Attacking the news media is a time-honored White House tactic but to an unusual degree, the Obama administration has narrowed its sights to one specific organization, the Fox News Channel, calling it, in essence, part of the political opposition.
“We’re going to treat them the way we would treat an opponent,” said Anita Dunn, the White House communications director, in a telephone interview on Sunday. “As they are undertaking a war against Barack Obama and the White House, we don’t need to pretend that this is the way that legitimate news organizations behave.”
Her comments are only the latest in the volatile exchange between the administration and the top-rated network, which is owned by the News Corporation, controlled by Rupert Murdoch. Last month, Roger Ailes, the chairman of Fox News, and David Axelrod, a senior adviser to President Obama, met for coffee in New York, in what Politico, which last week broke that news, labeled a “Fox summit.”

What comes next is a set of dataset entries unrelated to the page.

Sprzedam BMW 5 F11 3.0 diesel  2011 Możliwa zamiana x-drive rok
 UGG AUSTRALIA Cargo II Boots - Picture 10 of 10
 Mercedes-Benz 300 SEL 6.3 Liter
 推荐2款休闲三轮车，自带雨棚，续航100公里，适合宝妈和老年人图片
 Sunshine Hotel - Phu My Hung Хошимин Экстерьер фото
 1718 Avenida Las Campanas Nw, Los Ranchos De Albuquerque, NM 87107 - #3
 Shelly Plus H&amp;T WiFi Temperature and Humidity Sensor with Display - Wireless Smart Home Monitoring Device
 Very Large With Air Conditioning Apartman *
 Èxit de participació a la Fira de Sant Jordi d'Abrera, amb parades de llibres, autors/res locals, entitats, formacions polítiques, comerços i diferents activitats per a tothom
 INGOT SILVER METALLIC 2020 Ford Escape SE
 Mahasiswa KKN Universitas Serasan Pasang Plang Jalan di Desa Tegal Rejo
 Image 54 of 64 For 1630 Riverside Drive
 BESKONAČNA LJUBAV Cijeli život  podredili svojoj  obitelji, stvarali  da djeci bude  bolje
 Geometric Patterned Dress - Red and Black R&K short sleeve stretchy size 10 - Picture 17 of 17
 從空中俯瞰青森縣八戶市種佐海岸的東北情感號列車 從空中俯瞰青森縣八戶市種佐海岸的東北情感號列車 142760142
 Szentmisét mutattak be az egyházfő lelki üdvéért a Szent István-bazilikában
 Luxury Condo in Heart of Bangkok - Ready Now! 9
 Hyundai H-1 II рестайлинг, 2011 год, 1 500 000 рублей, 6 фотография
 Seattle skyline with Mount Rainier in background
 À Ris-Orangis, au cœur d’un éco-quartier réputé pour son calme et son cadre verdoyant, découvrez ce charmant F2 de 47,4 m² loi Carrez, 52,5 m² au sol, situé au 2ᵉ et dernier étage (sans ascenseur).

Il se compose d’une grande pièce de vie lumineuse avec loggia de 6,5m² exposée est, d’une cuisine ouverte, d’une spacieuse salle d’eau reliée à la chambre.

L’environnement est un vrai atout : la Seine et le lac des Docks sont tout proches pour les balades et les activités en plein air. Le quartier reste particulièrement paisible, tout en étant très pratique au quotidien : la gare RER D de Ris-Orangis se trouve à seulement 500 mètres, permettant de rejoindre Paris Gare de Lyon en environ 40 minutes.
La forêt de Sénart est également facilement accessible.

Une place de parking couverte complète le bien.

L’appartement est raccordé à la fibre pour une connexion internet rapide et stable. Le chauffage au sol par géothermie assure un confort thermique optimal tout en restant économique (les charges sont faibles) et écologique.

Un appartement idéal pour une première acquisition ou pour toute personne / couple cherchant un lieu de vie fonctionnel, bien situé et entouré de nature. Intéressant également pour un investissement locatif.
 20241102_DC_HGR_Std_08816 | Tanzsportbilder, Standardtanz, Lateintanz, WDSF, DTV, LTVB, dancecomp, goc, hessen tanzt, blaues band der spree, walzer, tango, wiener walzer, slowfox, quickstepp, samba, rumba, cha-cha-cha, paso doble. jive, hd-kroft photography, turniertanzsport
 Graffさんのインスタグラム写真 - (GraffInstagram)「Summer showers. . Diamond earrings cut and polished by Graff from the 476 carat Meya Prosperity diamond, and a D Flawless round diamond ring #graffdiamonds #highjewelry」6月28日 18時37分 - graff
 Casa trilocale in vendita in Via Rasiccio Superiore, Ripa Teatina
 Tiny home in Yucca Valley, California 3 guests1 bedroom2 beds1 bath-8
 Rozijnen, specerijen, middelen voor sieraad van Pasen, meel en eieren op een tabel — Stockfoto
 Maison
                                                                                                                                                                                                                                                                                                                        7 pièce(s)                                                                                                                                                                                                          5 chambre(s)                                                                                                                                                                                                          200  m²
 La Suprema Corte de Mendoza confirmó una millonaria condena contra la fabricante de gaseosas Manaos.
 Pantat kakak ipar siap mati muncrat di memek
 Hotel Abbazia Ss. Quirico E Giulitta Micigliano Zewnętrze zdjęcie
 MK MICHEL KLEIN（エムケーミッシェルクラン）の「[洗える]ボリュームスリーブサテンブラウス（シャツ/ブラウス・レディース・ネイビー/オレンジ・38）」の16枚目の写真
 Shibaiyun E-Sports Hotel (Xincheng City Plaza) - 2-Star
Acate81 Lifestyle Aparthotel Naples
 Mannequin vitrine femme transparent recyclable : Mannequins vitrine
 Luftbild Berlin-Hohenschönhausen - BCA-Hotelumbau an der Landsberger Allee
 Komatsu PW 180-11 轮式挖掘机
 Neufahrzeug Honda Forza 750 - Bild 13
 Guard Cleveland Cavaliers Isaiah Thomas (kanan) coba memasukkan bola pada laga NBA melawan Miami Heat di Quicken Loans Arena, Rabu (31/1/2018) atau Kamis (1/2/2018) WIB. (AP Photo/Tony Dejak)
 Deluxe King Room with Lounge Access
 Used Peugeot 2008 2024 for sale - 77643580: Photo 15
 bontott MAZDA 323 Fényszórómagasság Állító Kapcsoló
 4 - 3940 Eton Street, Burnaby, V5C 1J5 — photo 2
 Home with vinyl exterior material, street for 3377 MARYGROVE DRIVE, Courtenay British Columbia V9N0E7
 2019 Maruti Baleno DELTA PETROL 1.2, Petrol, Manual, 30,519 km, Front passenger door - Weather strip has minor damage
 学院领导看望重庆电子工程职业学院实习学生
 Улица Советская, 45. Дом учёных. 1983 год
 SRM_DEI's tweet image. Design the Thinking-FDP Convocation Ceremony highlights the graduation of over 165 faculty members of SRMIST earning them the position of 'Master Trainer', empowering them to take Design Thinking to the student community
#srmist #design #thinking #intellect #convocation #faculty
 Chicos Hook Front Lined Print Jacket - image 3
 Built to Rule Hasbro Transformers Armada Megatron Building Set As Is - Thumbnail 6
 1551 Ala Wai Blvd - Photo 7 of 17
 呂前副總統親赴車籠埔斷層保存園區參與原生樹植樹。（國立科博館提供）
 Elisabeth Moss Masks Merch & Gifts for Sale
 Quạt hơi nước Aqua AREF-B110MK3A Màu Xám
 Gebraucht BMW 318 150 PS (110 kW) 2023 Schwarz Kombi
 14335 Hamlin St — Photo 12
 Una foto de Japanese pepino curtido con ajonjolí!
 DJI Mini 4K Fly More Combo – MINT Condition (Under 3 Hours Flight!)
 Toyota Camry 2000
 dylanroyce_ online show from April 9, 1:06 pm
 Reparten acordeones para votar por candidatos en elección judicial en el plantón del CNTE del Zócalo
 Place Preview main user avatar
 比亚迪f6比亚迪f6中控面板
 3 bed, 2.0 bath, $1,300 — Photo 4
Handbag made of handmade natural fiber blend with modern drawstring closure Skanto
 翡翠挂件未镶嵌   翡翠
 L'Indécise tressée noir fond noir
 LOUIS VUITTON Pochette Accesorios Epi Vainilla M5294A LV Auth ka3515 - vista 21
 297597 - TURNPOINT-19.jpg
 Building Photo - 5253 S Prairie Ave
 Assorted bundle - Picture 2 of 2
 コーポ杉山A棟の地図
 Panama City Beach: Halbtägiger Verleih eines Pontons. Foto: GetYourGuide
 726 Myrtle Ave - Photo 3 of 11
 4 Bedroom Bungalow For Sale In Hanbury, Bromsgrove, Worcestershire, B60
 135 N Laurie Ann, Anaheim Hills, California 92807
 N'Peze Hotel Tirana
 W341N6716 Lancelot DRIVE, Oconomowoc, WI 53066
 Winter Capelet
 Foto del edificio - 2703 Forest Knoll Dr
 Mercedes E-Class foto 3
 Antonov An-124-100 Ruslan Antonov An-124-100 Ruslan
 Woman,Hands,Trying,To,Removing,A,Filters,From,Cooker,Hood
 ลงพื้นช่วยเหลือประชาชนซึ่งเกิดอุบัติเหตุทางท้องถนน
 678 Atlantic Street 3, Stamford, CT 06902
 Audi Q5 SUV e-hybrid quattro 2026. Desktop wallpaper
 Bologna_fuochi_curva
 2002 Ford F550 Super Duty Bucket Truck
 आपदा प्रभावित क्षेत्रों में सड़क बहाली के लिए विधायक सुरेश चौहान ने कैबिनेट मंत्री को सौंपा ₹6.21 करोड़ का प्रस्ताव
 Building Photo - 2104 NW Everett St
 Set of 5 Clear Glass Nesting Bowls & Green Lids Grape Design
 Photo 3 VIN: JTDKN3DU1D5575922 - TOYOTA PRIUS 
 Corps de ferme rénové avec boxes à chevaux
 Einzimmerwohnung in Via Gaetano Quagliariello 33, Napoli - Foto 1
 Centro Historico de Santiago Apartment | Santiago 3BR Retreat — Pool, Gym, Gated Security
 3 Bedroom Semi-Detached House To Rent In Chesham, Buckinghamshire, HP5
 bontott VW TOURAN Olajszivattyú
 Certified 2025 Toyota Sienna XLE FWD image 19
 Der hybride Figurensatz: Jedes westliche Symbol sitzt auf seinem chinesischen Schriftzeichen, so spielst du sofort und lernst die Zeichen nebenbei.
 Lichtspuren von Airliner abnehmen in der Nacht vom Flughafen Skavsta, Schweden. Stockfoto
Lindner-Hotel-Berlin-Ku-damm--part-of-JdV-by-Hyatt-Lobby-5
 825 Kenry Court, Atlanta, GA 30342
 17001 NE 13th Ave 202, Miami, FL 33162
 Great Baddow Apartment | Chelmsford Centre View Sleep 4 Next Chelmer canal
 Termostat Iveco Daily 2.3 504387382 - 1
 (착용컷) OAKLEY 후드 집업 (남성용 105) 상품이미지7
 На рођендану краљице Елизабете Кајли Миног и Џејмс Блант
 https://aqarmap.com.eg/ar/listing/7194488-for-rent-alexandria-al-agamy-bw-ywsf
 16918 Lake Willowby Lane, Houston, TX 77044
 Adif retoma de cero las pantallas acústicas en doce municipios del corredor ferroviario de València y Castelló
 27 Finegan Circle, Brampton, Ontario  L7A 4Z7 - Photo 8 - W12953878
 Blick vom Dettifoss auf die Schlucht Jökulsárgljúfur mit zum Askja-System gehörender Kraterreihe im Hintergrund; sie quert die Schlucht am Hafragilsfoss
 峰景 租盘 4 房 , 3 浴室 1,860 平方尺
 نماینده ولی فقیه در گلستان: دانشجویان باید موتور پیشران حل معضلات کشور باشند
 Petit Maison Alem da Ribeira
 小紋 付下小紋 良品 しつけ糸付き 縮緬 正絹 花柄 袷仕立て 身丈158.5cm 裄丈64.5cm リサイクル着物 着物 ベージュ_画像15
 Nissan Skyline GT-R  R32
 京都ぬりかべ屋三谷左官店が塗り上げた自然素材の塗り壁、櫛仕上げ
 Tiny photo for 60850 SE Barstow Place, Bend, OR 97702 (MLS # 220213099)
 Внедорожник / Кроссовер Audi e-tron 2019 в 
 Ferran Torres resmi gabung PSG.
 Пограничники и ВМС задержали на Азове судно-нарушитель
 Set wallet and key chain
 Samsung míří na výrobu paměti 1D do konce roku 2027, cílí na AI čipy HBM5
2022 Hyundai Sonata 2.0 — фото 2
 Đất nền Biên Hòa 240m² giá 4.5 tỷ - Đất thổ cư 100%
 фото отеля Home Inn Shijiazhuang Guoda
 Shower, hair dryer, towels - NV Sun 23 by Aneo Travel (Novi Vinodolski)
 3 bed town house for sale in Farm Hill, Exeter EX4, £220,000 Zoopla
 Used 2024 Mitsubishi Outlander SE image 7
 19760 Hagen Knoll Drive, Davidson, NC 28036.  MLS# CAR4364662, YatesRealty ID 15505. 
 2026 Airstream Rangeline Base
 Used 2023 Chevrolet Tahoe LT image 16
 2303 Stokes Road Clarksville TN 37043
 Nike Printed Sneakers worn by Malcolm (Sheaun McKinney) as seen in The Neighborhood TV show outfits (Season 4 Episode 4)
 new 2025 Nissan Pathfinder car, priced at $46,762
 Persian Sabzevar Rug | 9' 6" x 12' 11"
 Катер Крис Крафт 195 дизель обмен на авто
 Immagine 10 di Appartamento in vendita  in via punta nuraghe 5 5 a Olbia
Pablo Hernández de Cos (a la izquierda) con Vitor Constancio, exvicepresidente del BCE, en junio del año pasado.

While neither party has said what was discussed, some have speculated that a truce, or at least an adjustment in tone, was at issue. (Mr. Ailes and Mr. Obama reportedly reached a temporary accord after a meeting in mid-2008.) But shots are still being fired, which animates the idea that both sides see benefits in the feud.
Fox seems to relish the controversy.
“Instead of governing, the White House continues to be in campaign mode, and Fox News is the target of their attack mentality,” Michael Clemente, the channel’s senior vice president for news, said in a statement on Sunday. “Perhaps the energy would be better spent on the critical issues that voters are worried about.”
Fox’s senior vice president for programming, Bill Shine, says of the criticism from the White House, “Every time they do it, our ratings go up.” Mr. Obama’s first year is on track to be the Fox News Channel’s highest rated.
One Fox executive said that the jabs by the White House could solidify the network’s audience base and recalled that Mr. Ailes had remarked internally: “Don’t pick a fight with people who like to fight.” The executive asked not to be named while discussing internal conversations.
Certainly, Fox continues to aggressively bolster its on-air talent, most recently with the hiring of John Stossel, the libertarian investigative journalist from ABC News, for its spin-off channel, Fox Business. The business channel is also keen on another administration critic, Lou Dobbs, who met for dinner with Mr. Ailes last month, according to two people with direct knowledge of the meeting.
The shift for Fox News — the favorite network of the Bush administration, now the least favored one of the Obama administration — has financial implications for the News Corporation, especially given the network’s status as a growth engine in a perilous time for media companies.
Fox’s programs have drawn record numbers of viewers this year. Through last week, Fox averaged 1.2 million viewers at any given time this year, up from one million viewers through the same time last year. Previously, the channel peaked in 2003, the year the Iraq war started, with nearly 1.1 million viewers.
But controversial comments by the host Glenn Beck have also prompted an ad boycott. And the perception of Fox News as an opposition party has also affected its news correspondents, including Major Garrett, its chief White House correspondent, who Ms. Dunn says is a fair reporter. Mr. Garrett and other Fox correspondents have been directed by Mr. Clemente not to appear on the channel’s most opinionated programs.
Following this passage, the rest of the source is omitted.